Embora um ampliação, que me deu em Praga a sobrinha de Franz, tenha para mim um valor especial, nem por isso deixa de ser uma fotografia muito conhecida, a mesma, sem dúvida, a que Borges aludiu, nessa noite de que te falei, em Buenos Aires, e onde se vê Kafka, de pé sobre o empedrado, em frente a uma loja com o letreiro de Herman Pollak: veste um fato de três peças cinzento, um casaco escuro, tem um colarinho redondo e um gravata – aparentemente a mesma roupa que noutra fotografia onde está encostado ao pedestal de uma coluna, com a sua irmã Ottla -, e um chapéu cuja sombra lhe desce precisamente, sobre o rosto, até aquela linha debaixo dos olhos, deixando na luz a boca grande de sorriso triste,
o nariz, e o lóbulo inferior das orelhas.
Olivier Rolin, O Bar da Ressaca
Provavelmente, é esta a imagem que Rolin descreve em O Bar da Ressaca, obra que vagueia por Praga, Buenos Aires e Trieste, num delírio de palavras etílicas. (Não é claramente visível na reprodução, mas, no pequeno letreiro branco, junto ao ombro direito de Kafka, pode ler-se “Herman Pollak”.)
Praga, a cidade de Kafka.
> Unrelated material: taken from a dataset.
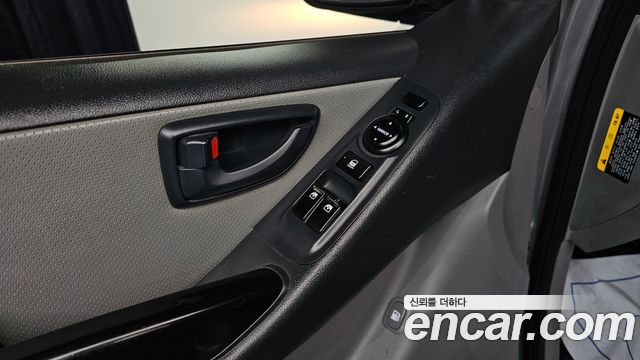 Hyundai Starex 2016 — photo 13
Será? Uma outra leitura da obra do escritor judeu pode levar-nos por diferentes caminhos, os quais talvez até se bifurquem.
Em 1923, numa carta à sua irmã Ottla, Kafka falava numa cidade que amava, mas também temia. Praga era a sua prisão, a sua colónia penitenciária, a sua tortura, o rosto da infelicidade, a matrona perfeita que, emparelhada com o seu pai, tão bem representava a tirania da família autoritária da Europa germânica e judia.
Praga vende Kafka e Kafka vende Praga, mas o autor nunca escreveu na língua checa. O fantasma de Kafka persegue o turista em cada esquina de Praga, e ao seu nome estão associadas inúmeras casas no centro da capital da Boémia. Mas as palavras de Kundera, (...) sobre Franz Kafka (que, infeliz a vida toda na cidade, se tornara graças às agências de viagens, no seu santo padroeiro) (...) talvez sejam mais verdadeiras do que uma leitura apressada do seu desabafo possa levar a crer. Kafka viveu aqui, Kafka trabalhou ali, Kafka escreveu O Castelo acolá...Kafka viveu e morreu como um cão nesta cidade.
A segunda imagem que Rolin descreve pode ser esta.
O escritor com Ottla, a sua irmã favorita. Um sorriso raro nos lábios. Um conforto fraterno, longe da mãe-cidade e do deus-pai.
Carlos Miguel Fernandes
P.S. Estas duas fotografias, e outras imagens de Kafka e de Praga, podem ser encontradas no livro A Praga de Franz Kafka, de Klaus Wagenbach, traduzido e editado em Portugal pela Fenda em 2001.
3 comentários:
CMF, gostei das suas fotografias que foram a leilão no último sábado, e tb de ouvir o despique das duas últimas, parabêns
Madalena, obrigado! No sábado cheguei ao CCB já com o leilão a decorrer. Tinha uma coisa para si (relacionada com as fotografias que foram a leilão)! Vi-a lá atrás, mas depois de terminado o leilão não a encontrei mais. Fica para a próxima.
Carlos, deixa-me curiosa, não sei quando será a próxima mas espero que seja em breve.